O garoto põe a mão nas costas, onde sentiu o impacto, e lá havia uma grossa camada de gelo, onde a bala estava encravada, ainda quente. Antes que pudesse se perguntar o que acontecia, percebeu o pé de Boris a centímetros de seu rosto, quase pisando-o.

Mas novamente uma parede de gelo surgiu, aparentemente, naquele instante, que aguentou o impacto do chute sem sofrer nenhum dano. Coisas muito estranhas estavam acontecendo com todo aquele gelo e Anatoli não tinham sequer tempo de refletir sobre o assunto com um brutamontes querendo pisoteá-lo e um louco querendo mata-lo a tiros. Tinha que aproveitar aquela situação sobrenatural para fugir.

Anatoli lembrou da espingarda e virou seu rosto para a loja. O ourives estava atônito pois um homem, vestido em uma túnica com capuz, havia lhe tomado a espingarda da mão.

- Já chega.

O ourives estava pronto para responder, mas Boris o repreende enquanto se aproximava da loja, não antes de encarar Anatoli com repulsa e ignorar o homem de túnica.

- Nazar, não faça nada. Não vê que este homem é um...

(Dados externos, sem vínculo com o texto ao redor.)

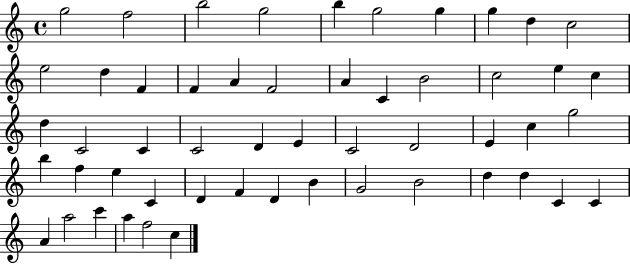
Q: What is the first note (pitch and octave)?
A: G5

Terminou dizendo algo inaudível para Nazar, que se acalmou imediatamente e entraram juntos na loja, calados, com as cabeças baixas.

O misterioso homem de túnica caminha até Anatoli e, após abaixar o capuz mostrando seu rosto pálido, olhos castanhos e cabelos longos e ruivos que caiam sobre os ombros, lhe estende a mão.

- Meu nome é Valentin. Você está bem?